Putin has highlighted three major directions vital for the country’s economic stimulation in the meet yesterday.
He stressed that budget spending and changing the budget rules is not an option.
“It is clear that budget measures alone are not enough to resolve the tasks before us, and if we change the budget rules we would have some risks to face,” said the president.
Russia has recently introduced fiscal rules that tie spending plans not to projected oil prices, but to long-term average oil prices.
Putin has said that lack of Russian infrastructure development is hindering economic growth, especially in transport and energy sectors.
“There is often not enough long money for infrastructure development projects. I gave the instruction at one point to examine the possibility of long-term investments using funds from the National Welfare Fund,” he said.
Thirdly, he urged the government to look closely at the regions’ ability to meet their spending commitments, as their budget revenue will be less than planned.
“I expect to hear your proposals on this issue, your ideas on how we can meet the spending commitments – and I make it clear that these commitments remain in force and no one is going to annul them – without undermining the regions’ economic and financial situation,” Putin urged.

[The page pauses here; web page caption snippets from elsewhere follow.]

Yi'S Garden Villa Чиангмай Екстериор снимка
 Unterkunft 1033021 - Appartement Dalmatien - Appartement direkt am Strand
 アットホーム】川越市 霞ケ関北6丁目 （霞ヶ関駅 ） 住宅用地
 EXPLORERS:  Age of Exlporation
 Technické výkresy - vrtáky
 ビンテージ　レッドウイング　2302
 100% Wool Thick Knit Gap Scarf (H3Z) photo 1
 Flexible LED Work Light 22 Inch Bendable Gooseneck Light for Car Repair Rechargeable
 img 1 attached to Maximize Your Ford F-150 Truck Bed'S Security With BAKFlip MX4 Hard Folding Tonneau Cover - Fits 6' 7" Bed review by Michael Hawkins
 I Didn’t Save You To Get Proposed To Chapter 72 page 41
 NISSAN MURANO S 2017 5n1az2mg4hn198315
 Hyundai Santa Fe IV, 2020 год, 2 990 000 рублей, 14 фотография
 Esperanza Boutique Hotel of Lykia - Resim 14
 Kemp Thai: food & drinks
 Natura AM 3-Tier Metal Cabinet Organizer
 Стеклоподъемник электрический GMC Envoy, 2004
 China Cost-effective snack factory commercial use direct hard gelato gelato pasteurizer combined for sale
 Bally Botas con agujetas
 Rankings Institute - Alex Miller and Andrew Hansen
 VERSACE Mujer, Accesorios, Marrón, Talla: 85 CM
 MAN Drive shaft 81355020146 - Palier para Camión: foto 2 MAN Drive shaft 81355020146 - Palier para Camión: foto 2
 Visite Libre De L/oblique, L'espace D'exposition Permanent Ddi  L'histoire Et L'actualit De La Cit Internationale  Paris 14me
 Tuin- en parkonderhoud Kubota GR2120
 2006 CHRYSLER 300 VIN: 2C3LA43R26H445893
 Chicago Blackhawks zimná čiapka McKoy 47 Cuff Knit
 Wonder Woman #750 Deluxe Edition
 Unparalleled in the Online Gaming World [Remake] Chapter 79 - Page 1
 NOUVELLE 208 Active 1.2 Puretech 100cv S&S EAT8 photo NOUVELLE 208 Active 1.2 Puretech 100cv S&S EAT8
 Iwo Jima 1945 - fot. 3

Russia’s economic development ministry has cut the country’s 2013 GDP growth forecast from 3.6 per cent to 2.4 per cent.
“Let me bring to your attention that a growth rate of 2.4 per cent is lower than the global economy’s growth rate. It’s been a long time since we were last in this situation,” Putin commented on Russia’s slowdown.
However, as Putin noted, “Russia’s economy is still quite solid overall,” with commodity prices remaining quite high.
Russia also has substantial gold and currency reserves, and budget reserve funds that provide a safety cushion.
“What is also very important is that people’s real incomes are not falling, thank goodness, but continue to grow, slowly, yes, but they are growing nonetheless,” Putin added.